My expectations of love and romance were born the day I saw my first romantic comedy. I am not talking about a modern day romantic comedy where Jennifer Aniston or Katherine Heigl prance about in $500 shoes pretending that they just can’t get a worth while man, while Studley McStud irritates his way into her little heart. (Barf) I am talking about the romantic comedies of the 1930’s and 1940’s. I am talking about films where women were bright and quick witted, films where men and women seemed to be on the same level. I am talking about films that made men seem just as goofy about love as women. But, they just don’t seem to make movies like that anymore and we ladies are paying the price.
I have been of the firm belief that Romantic Comedies have ruined relationships for women for a long time. We grow up on movies where pretty non drug using hookers get saved by millionaires and cute quirky guys like John Cusack and Jason Schwartzman want to take you to cute quirky dinners and drop you off at home without trying to get in your pants. This my dears, is bullshit. I call it the Lloyd Dobler Effect. Please, allow me to elucidate.

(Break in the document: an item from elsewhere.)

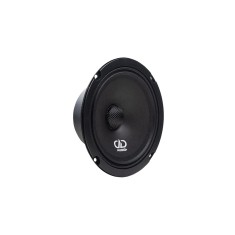 Difuzor auto DD Audio VO-M106-S4, 165mm, 100W RMS, 4, , Bucata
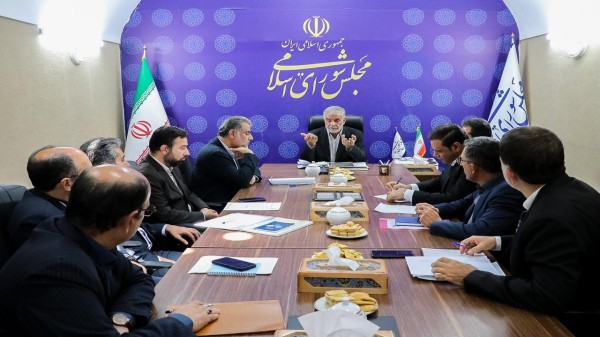 حل چالش فاضلاب یزد نیازمند عزم جدی و هم‌افزایی بین دستگاهی است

The film “Say Anything” came out when I was at the fragile and impressionable age of fifteen. I was just beginning to notice boys and was anxious to have my heart splattered all over Souther California. Unfortunately for me I was a chubby fifteen year old with braces and a bad perm. No boy was going to break my heart, much less find it past my metal mouth. But then came Lloyd Dobler in “Say Anything”. He was goofy. He was unpopular with girls. He was sweet and romantic. He was perfect. And that is exactly when our problems began. We are looking for a guy who doesn’t exist. There is no Lloyd Dobler.
And what if there was? Let’s get real here for a second. If some dorkey guy who seemed to be overly obsessed with you kept calling and asking you out, you would not go. If a guy REALLY stood outside your bedroom window blasting “In Your Eyes” you would call the cops. You would wonder why this dude seemed to have zero male friends and the female friends he did have were whiny depressive types who seemed to have a little unrequited love brewing. Is that the guy you really want? Someone who already thinks you are perfect? Someone who doesn’t challenge you? Maybe I am getting older, but I really don’t want a guy who thinks the word stops and starts with me. I am too old for a drooling puppy. Hell, I was too old for that at eighteen. Llyod Dobler is boring and he is…

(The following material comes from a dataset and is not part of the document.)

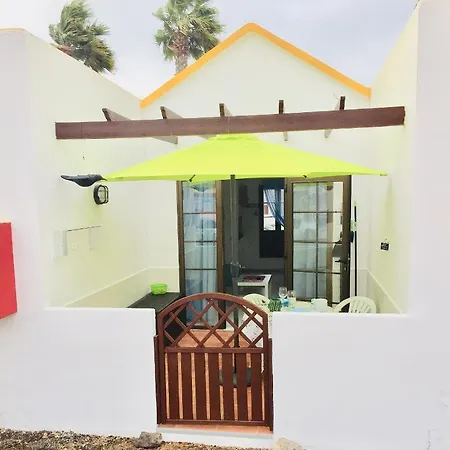 Fuerteventura Azul Enjoy Holiday home *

a fantasy. And thank god for that. It’s one thing to see a “perfect” guy on film, but I don’t think it translates very well to real life. You and I both know we are too good for some boring guy who thinks romance is tantamount to screwing in the back of a car. Personally, I would rather have a guy like “Nick Charles” of The Thin Man series popular in the 1930’s. Sure, he drank a lot and lazes about, but he does it with panache. And his lady does the same. They challenge each other verbally, and she is every bit as witty and memorable as her husband. They are foils for each other and they have FUN. I remember Lloyd Dobler in “Say Anything”, but I have a really hard time remembering anything about the girl… except that she gave him a pen. And who wants to be THAT girl.
Nope. I think I’ll stick with being the gal who drinks as hard as the fellas, has a quick wit and can roll with the punches. I’d rather have a Nick Charles – complete with alcohol and belly – than be some perfect guy’s unmemorable girlfriend.